- Palung Location in Nepal
- Coordinates: 27°39′N 85°04′E﻿ / ﻿27.65°N 85.07°E
- Country: Nepal
- Pradesh: Bagmati Province
- District: Makwanpur
- Area: Thaha Municipality

Government
- • Mayor: Lav Sher Bista

Population (2011)
- • Total: 5,603
- Male Population: 2,619 Female Population: 2,984
- Time zone: UTC+5:45 (Nepal Time)
- Postal Code: 44110
- Area code: 057

= Palung =

Palung (पालुङ्ग) is an ancient village development committee (Nepal) in Thaha Municipality in Makwanpur District in the Bagmati Province of Nepal.

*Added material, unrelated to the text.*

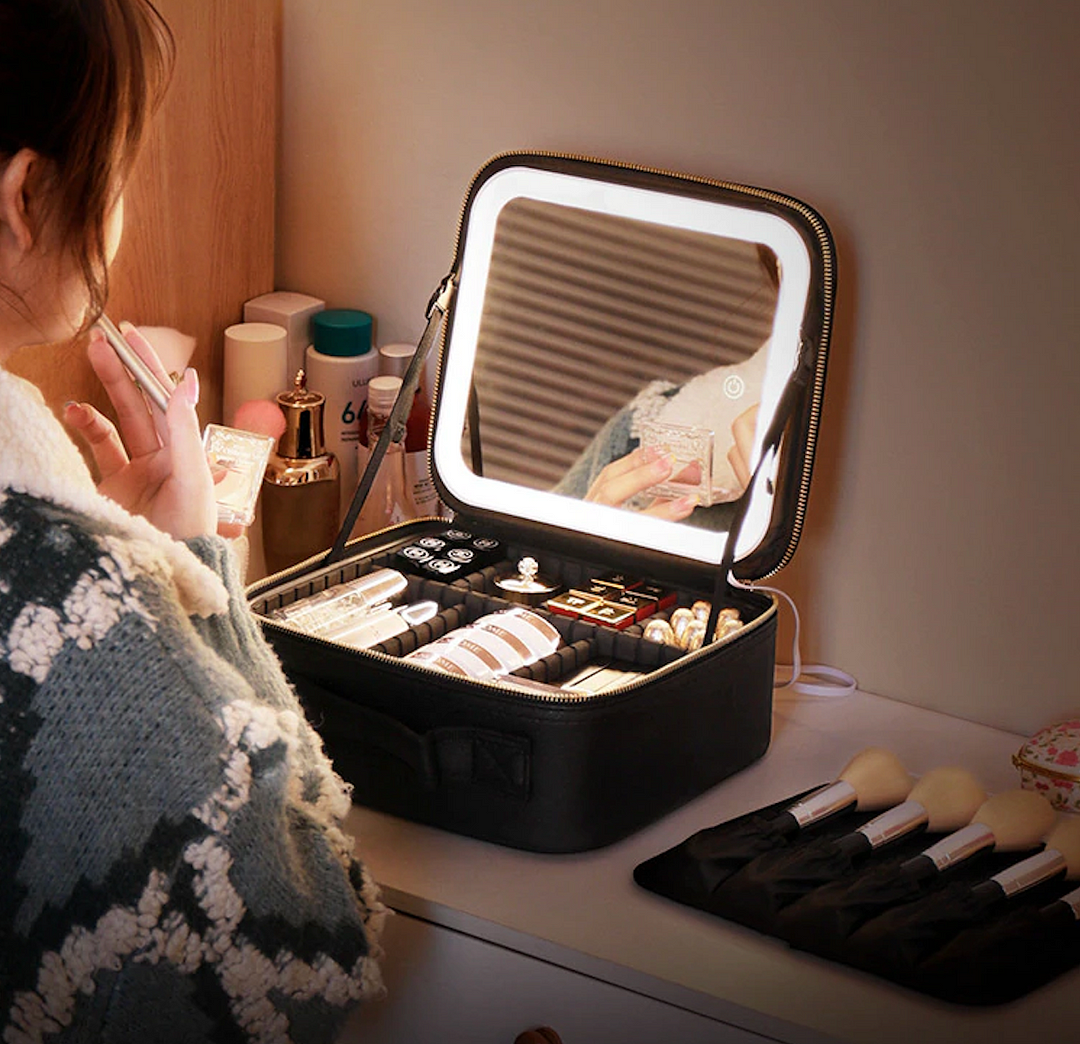 Always prepared Light up Make-up case organiser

At the time of the 2011 Nepal census it had a population of 5,603 people living in 1,236 individual households.

==Media==
To Promote local culture and development Palung has two FM radio stations namely Radio Palung 107.2 MHz, is a community radio station and Radio Aawaj 88.8 MHz is a private radio station. The former is the first community radio station of Makwanpur district. In addition to electronic media, Shantipur daily newspaper and weekly newspaper Bikash Kharpatrika and Thaha Darshan are in publication.

=== Education ===
Palung, now Thaha municipality is one of the leading education center in northern part of Makwanpur district. This is enriched with Palung multiple campus, Janakalyan Higher Secondary School, Bajrabarahi Higher Secondary School, Jhamkeshwori Secondary School, Matsyanarayan Secondary School and Sunaula Secondary School providing higher-level education from government sector whereas Himalayan English Boarding School, Palung Modern Secondary School, Palung English School, Palung Valley Heart Academy providing secondary level education as private institutions.